My former foster Luna (of all dogs!) managed a CGC. She was a nutcase with major reactivity/ dog selectivity issues. 

I am not "purely positive" in my training. I do use corrections at times, I do use a prong at times. I can see the use of an e-collar for recall when used properly (Like Elrohwen did for her spaniels for example). But dog-selectivity or dog-aggression is one area that corrections are, IMO, never applicable.


----------



## gingerkid (Jul 11, 2012)

TGKvr said:


> I wouldn't even think of pursuing the CGC with her if she didn't have the potential.


I think maybe you have some misconceptions about what the CGC is or what it signifies. It DOES indicate that a dog is well-behaved and (generally) safe to be in public, around strange dogs and people. It does NOT guarantee that your dog is safe to _interact with strange dogs_. There are PLENTY of dogs who have passed their CGC/CGN that are not good with other dogs, so please don't use it as a curtain to hide behind while your dog over-corrects and escalates with dogs who appropriately communicate that they don't want to play.



TGKvr said:


> I don't want this to come off as being in denial, but I'd respectfully disagree that she should be classified as DA at this point. I think there's being selective, and there's being aggressive. I can see where some of her *behavior* is aggressive for the situation, and it's definitely not cool, but I also don't think it's to the point where I'd put a generic label on her as DA dog. Her track record with getting along with other dogs is really good as opposed to when she doesn't, and her default behavior is definitely to play. Soo... I'm not saying she couldn't turn into a DA dog but I don't think we're there yet. Hence my desire to work on these things before it is a problem, so she never has a "first dog fight".


Pinning another dog is *not* an acceptable response to an appropriate correction. You seem to know this, and yet and every single time you put her in a situation where she does it, it becomes more and more habitual, and it is not a matter of "if" that behaviour will start a fight, but when. In my experience, dogs like yours may not officially start a fight... but they sure as heck try to finish it. Your dog is showing unwarranted aggression towards other dogs. That is DA. Is it selective DA? Seems to be, from your description, but like CptJack said - most forms of DA are selective. Does it make her dangerous? No, not with proper management. Which is actually pretty easy - stop putting your dog in situations where another dog might tell her it doesn't want to play. Don't let your dog play with strange dogs. Don't let your dog play with dogs who don't like her play style. And during play, give frequent breaks and end the play date when the other dog shows signs of being done.
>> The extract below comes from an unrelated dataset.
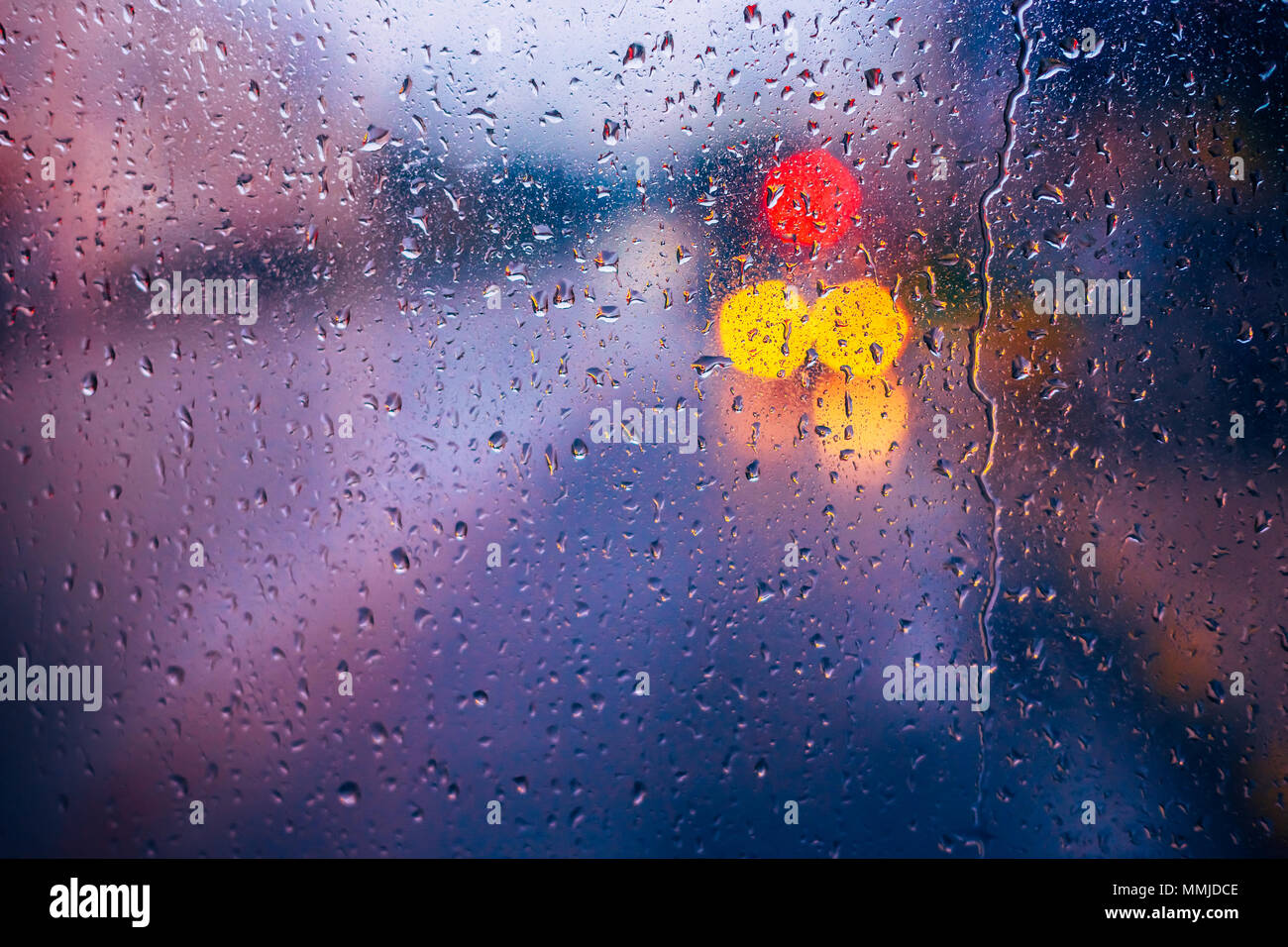 Gocce di pioggia sul vetro azzurro sfondo. Street Bokeh Lights Out di messa a fuoco. Autunno sfondo astratto Foto Stock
I am not saying don't work on it. By all means, work on it, work on teaching her to ignore other strange dogs, work on obedience commands like recall. But if you would like to keep placing her in positions where she might potentially be told "no" by another dog, at least consider muzzling her.


----------



## TGKvr (Apr 29, 2015)

Yeah, and that's really it... I don't necessarily *need* her to like other dogs all the time, I just want her to not feel like she has to *engage* so much, whether for play or otherwise. I do realize the CGC is not about getting along with other dogs, it's about ignoring them - I've done the research on this and the CGC training which focuses on ignoring all kind of distractions is exactly why I wanted to pursue it, so no - I'm not hiding behind the CGC as a fix-all. And in actuality she doesn't always have to engage; on rare occasions she seems like she doesn't care at all whether there is another dog nearby, preferring to sniff the ground and wander - especially if we've already been working or playing and she's worn out. When we're "working" she is very focused and great about ignoring other dogs if I coach her through it. But in general social situations when we're not actively training, she just wants to approach all the people and all the dogs - she's just very bold and outgoing. And like Hiraeth pointed out, all it takes is the wrong dog to make it all worse. I'm not walking around with blinders on, so if she ends up being the dog that I have to manage on leash all the time, then so be it. But I'd prefer it if we can come to a happy medium and at least take her initial level of engagement down a notch or two. We can work on polite greetings and see where it takes us. And hey, at least I'm conscious of the potential problems here and *trying* to do something about it. The two people that own the two problem dogs in our group are dear friends, and I love them, but they don't seem to care that their dogs always start things with other dogs - not just mine - and I've never seen any of them on a leash - ever. They just shrug it off and say "yeah, I know my dog's a bitch" - so they KNOW, and acknowledge it, but they just choose not to do anything about it. I'm not going to be that person. (I actually changed my NYE plans because I found out those two dogs were going to be there, and I didn't want to deal with it - so I went somewhere else. I heard they were snapping at the other dogs all night, so good call on my part.)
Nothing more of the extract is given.